Sales rose 9.8 percent on an organic basis in the three months through March, the company said in a statement Tuesday. Analysts expected a 5.6 percent advance, according to the median of 15 estimates. The stock rose 7.8 percent to 74.28 euros as of 11:28 a.m. in Paris.
The company will begin raising prices in China, where it gained market share during the country’s New Year celebrations, Remy Cointreau Chief Financial Officer Luca Marotta said on a call with investors. The company is quite optimistic that it can raise prices in China 2 percent to 3 percent in the medium-term, he added.
“The trend of improvement has been clearly demonstrated in today’s results,” Simon Hales, an analyst at Barclays, said by phone.
Cognac makers are giving conflicting views on the Chinese market, where sales of high-end spirits had been hamstrung by a government clampdown on graft. Hennessy-cognac owner LVMH signaled a gradual recovery in that market earlier this month after two years of falling demand. Pernod Ricard SA, the market leader in China with cognac brands brands Martell and Noblige, said in February that it expects demand for spirits to shrink in the near-term.
“While we applaud the strong quarter, we remain confused as to how real the Chinese cognac recovery is,” Javier Gonzalez Lastra, an analyst at Berenberg, said in a note to investors. Shipment figures from the Bureau National Interprofessionnel du Cognac, a trade association representing producers and merchants of the spirit, are also not fully supportive of a recovery, he added.
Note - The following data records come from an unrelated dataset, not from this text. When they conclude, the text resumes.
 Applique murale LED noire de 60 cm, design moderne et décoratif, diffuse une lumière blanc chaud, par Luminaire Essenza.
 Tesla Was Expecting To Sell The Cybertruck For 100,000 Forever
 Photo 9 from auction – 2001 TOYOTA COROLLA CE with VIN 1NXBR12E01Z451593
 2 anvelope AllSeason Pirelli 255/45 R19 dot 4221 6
Remy Cointreau said it’s seeing outstanding demand for brands including Bruichladdich scotch and The Botanist gin in the Americas. The popularity of so-called classic cocktails in the U.S. is driving sector consolidation amid the rising use of liqueurs. Last month, Italian distiller Campari agreed to acquire Cointreau-competitor Grand Marnier for $760 million.
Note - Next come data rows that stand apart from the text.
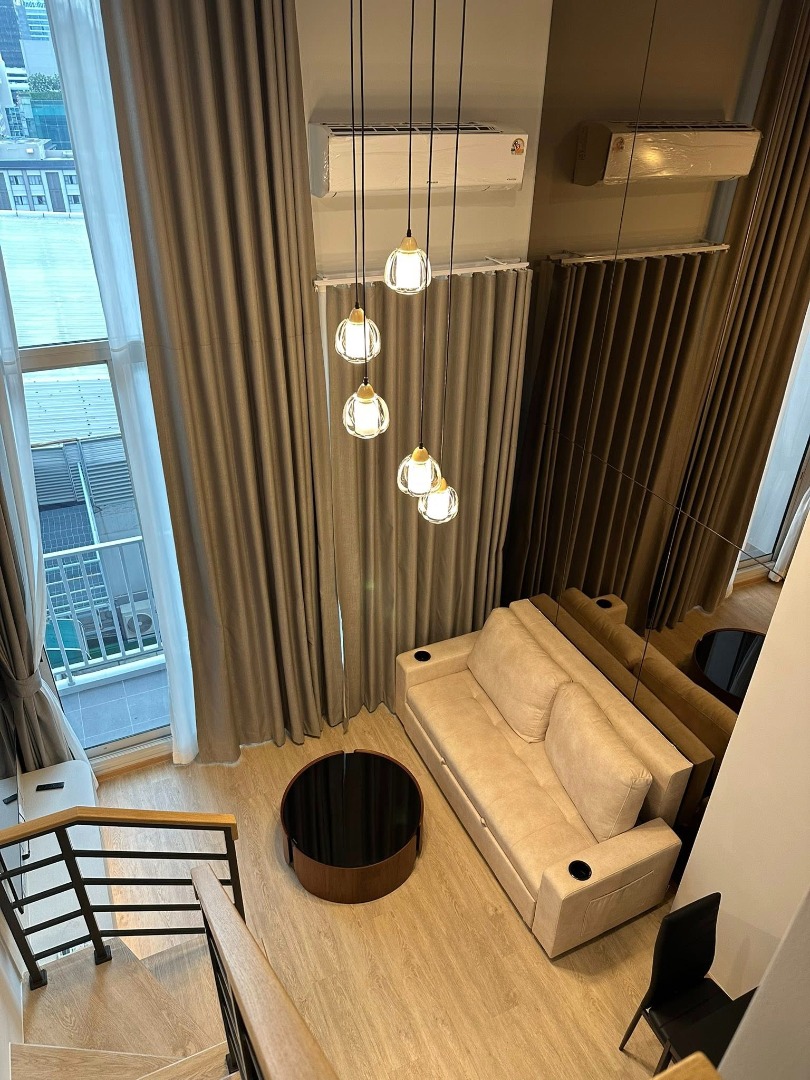 𝐂𝐮𝐥𝐭𝐮𝐫𝐞 𝐂𝐡𝐮𝐥𝐚 1 BED Duplex unit for rent 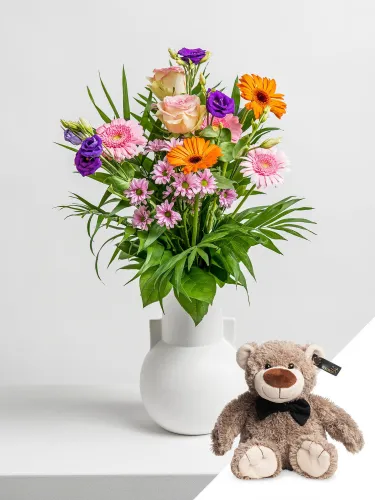 Blütenpoesie mit Teddy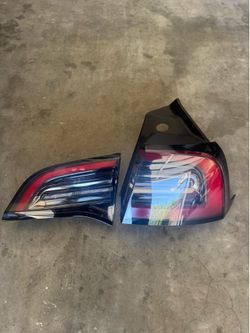 2024 Tesla model Y driver side tail light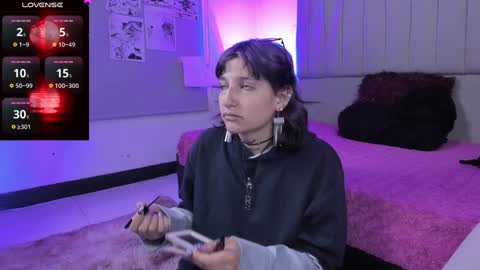    online show from January 9, 12:19 pm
Full-year revenue was 1.05 billion euros ($1.2 billion). Remy Cointreau said in June last year that it intends to become the global leader in spirits sold for $50 a bottle or more, a market that’s been growing faster than lower-priced spirits.
Remy Cointreau shares have gained 13 percent this year, while Pernod Ricard has dropped 1.3 percent. LVMH, which gets a fifth of its earnings from alcohol, gained 6.4 percent.